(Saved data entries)
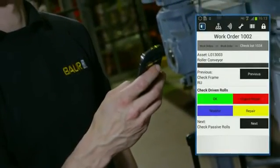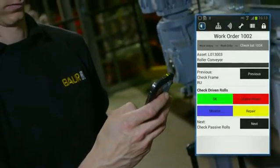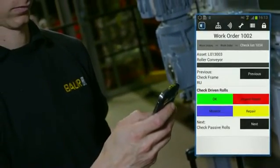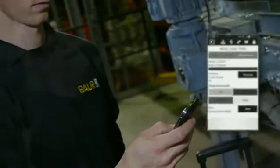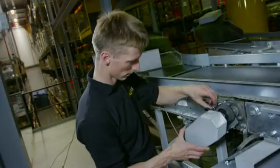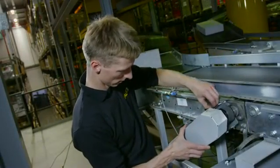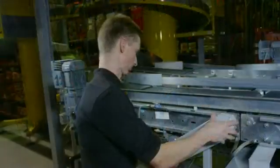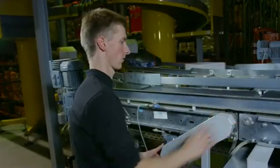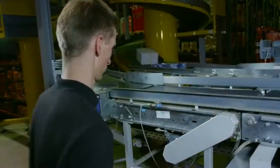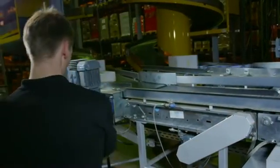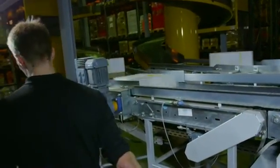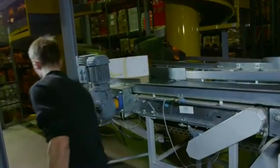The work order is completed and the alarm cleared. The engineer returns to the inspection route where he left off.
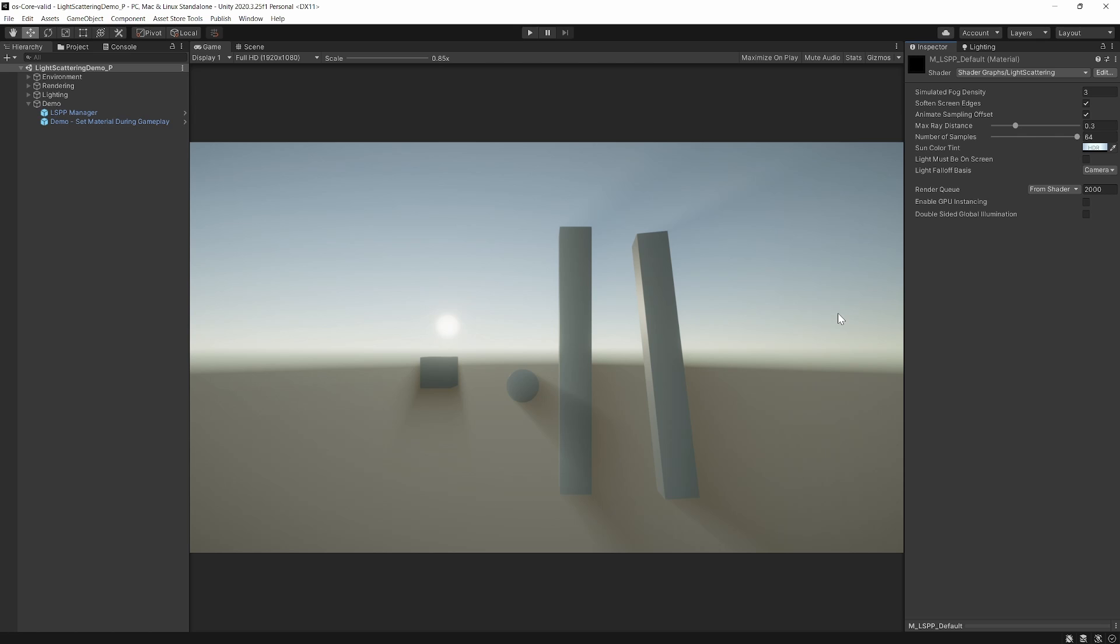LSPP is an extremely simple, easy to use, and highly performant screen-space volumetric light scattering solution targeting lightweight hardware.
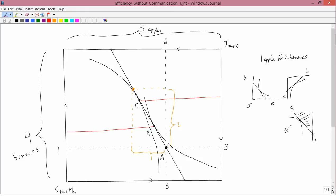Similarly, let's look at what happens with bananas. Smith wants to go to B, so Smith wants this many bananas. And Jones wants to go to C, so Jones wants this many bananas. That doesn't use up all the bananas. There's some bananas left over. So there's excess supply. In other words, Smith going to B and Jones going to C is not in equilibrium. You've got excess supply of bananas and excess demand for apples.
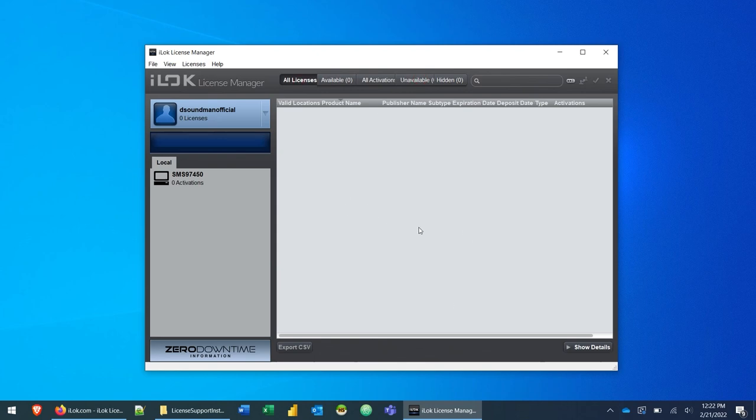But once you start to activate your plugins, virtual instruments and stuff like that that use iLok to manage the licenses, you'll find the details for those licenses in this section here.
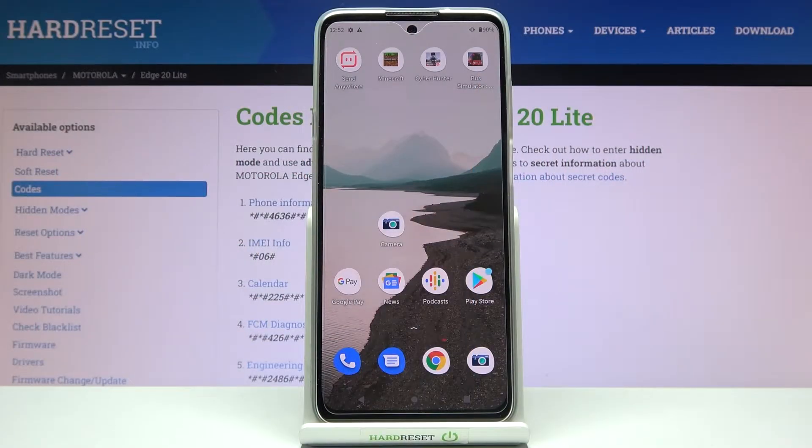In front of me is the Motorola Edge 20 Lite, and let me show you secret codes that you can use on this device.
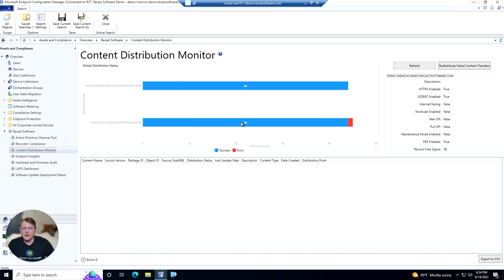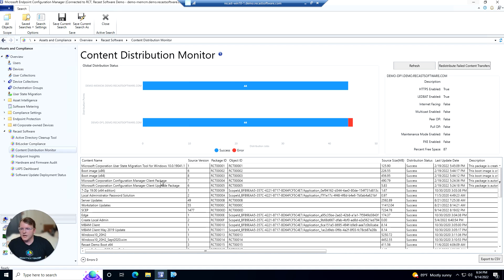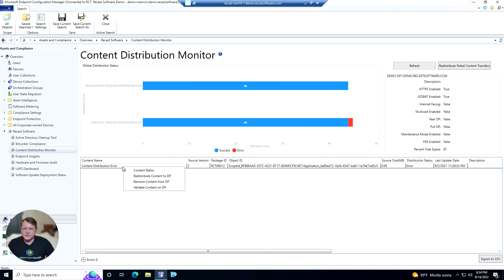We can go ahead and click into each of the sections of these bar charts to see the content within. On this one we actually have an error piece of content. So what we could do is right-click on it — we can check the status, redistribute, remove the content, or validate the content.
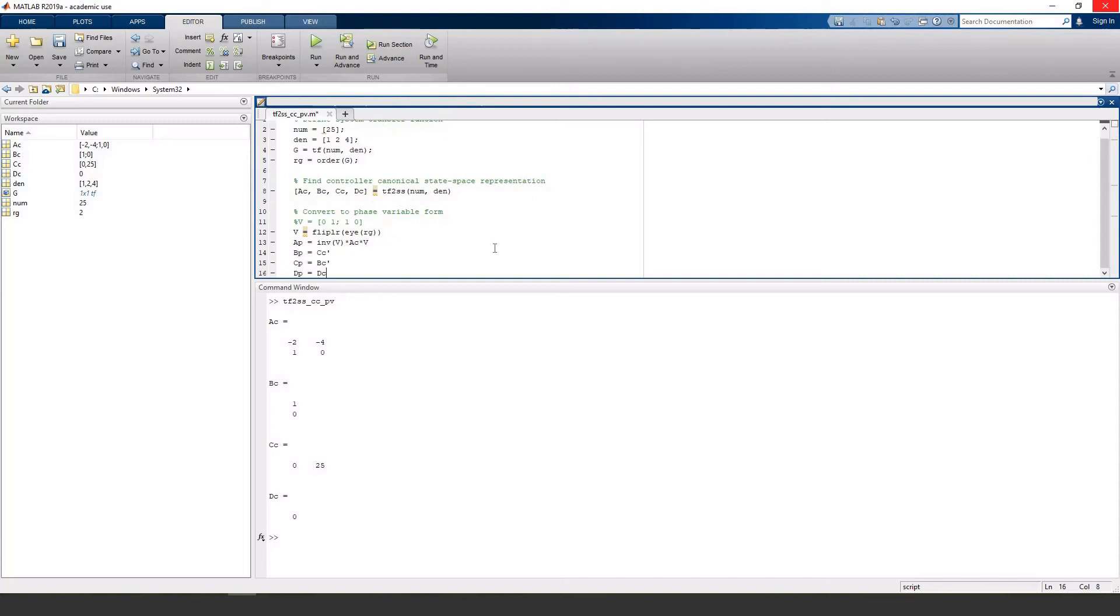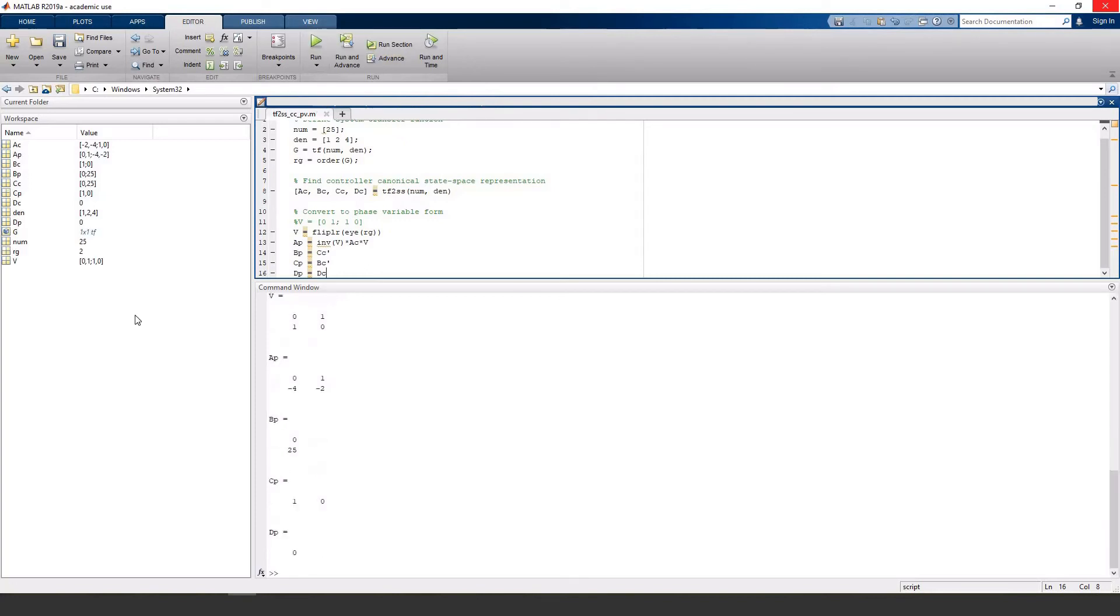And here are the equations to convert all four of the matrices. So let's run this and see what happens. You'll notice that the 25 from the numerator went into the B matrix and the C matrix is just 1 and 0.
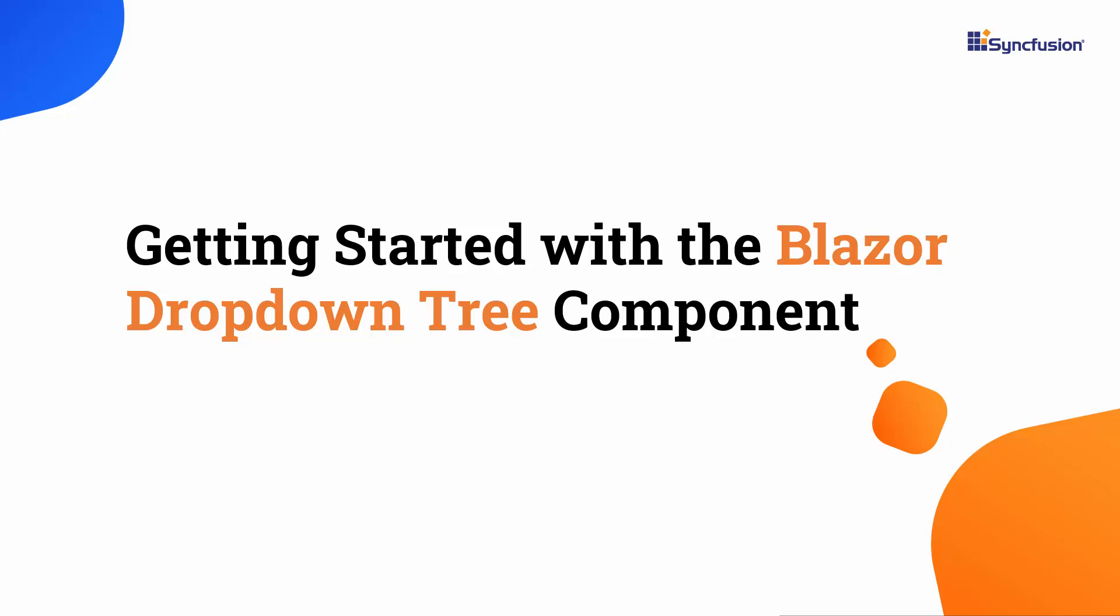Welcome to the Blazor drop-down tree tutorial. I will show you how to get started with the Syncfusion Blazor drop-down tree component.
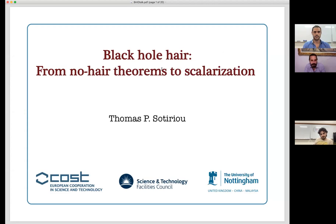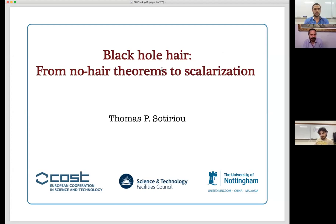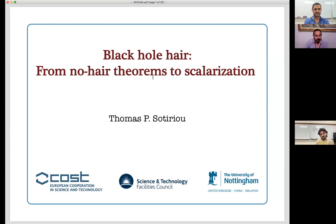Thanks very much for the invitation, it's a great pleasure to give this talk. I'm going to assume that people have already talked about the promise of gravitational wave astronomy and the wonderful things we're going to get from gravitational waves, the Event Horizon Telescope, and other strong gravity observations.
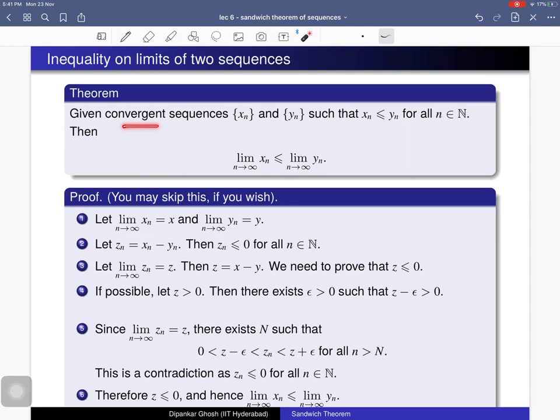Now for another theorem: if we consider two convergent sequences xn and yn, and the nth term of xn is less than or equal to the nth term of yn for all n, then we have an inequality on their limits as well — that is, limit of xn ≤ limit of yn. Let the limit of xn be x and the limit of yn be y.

### WHAT TO WORK ON
Print exactly the lines from the first line of the records above through the line containing "LSPP is an extremely", both included, and leave the pictures out.

### ANSWER SPACE
The work order is completed and the alarm cleared. The engineer returns to the inspection route where he left off.
LSPP is an extremely simple, easy to use, and highly performant screen-space volumetric light scattering solution targeting lightweight hardware.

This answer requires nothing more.